Iru.c is a response to Iru specifically, and to Baertling's paintings made after 1953 generally. The content of these paintings, seemingly simple straight lines, triangles, and quadrilaterals drawn with a limited palette of three or four colors, echoes the content of both early computer graphics, which were constrained by technical limitations, and the first assignments or experiments of every new computer graphics programmer, who typically begins with these simple, abstract forms in few colors as building blocks for more complex graphical programs. At the same time, in their extensive, iterative exploration of a well defined, narrowly limited set of choices of color, shape, and arrangement, Baertling's paintings seem like an embodiment of a computer-like process, an enumeration and examination of an infinitely large set of cases (data) with only slight variations between them that would inevitably exhaust the patience and capacity of a human mind. This process seems to be pursued for the same reason that many computer programs are written, to arrive at some kind of digestible, summary solution.

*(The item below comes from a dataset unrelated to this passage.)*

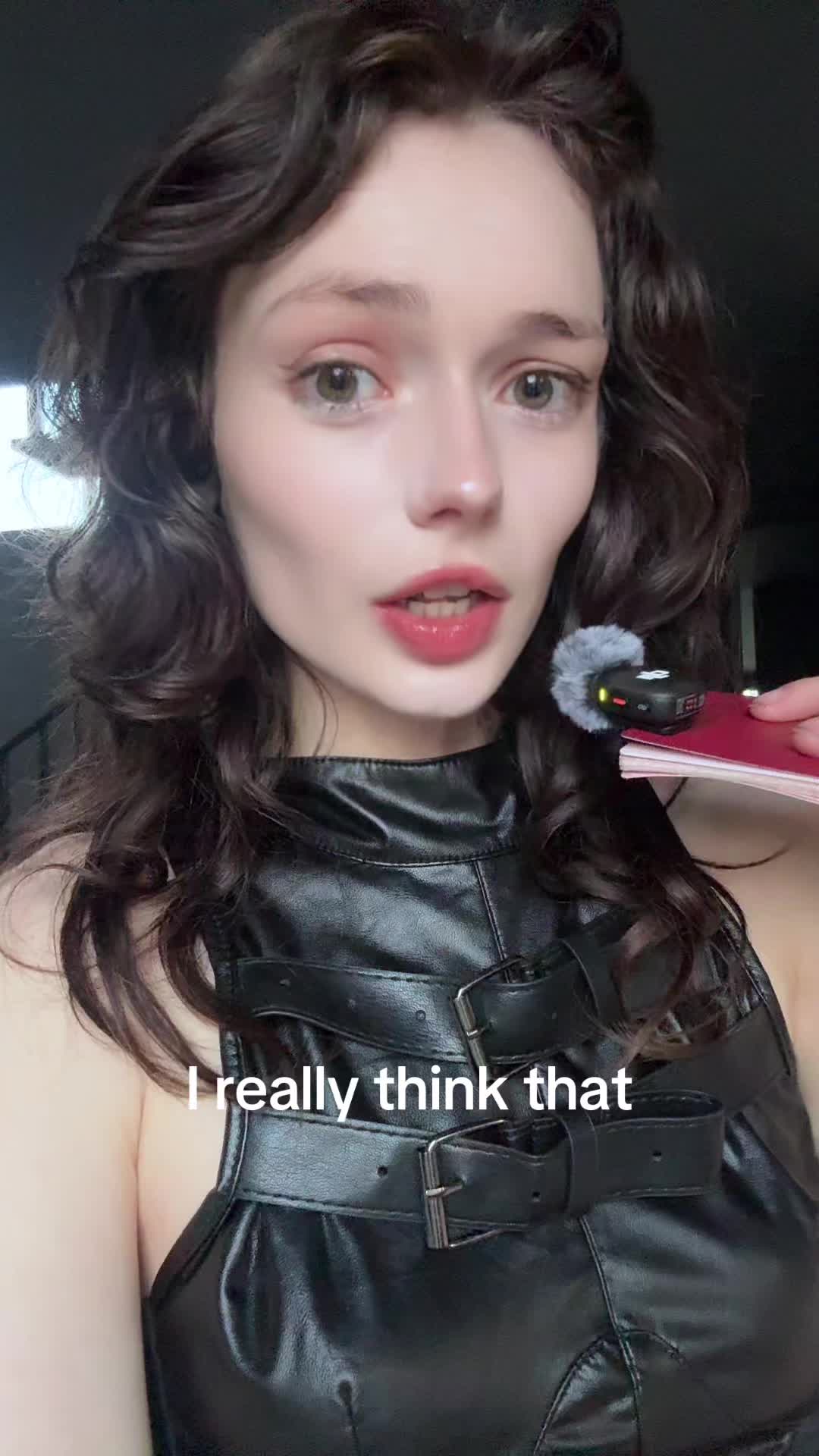 @Luna🦇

The artist presents the Iru.c program and its output drawing as a sort of challenge to the original paintings, proposing, though not really believing, that the paintings are simple and that a program can produce the same results easily, formulaically, and completely. The challenge is issued not to belittle the paintings, but rather to allow the paintings to confront the challenge and thus produce a dialog. In this confrontation, the seemingly simple painting answers the challenge by revealing an authentic, hand-made elegance, depth, and complexity. In contrast, next to the painting, the relatively simple formula of the code looks more complex, perhaps overly so, while the program's reproduction of the painting looks more precise, blunt, and simple.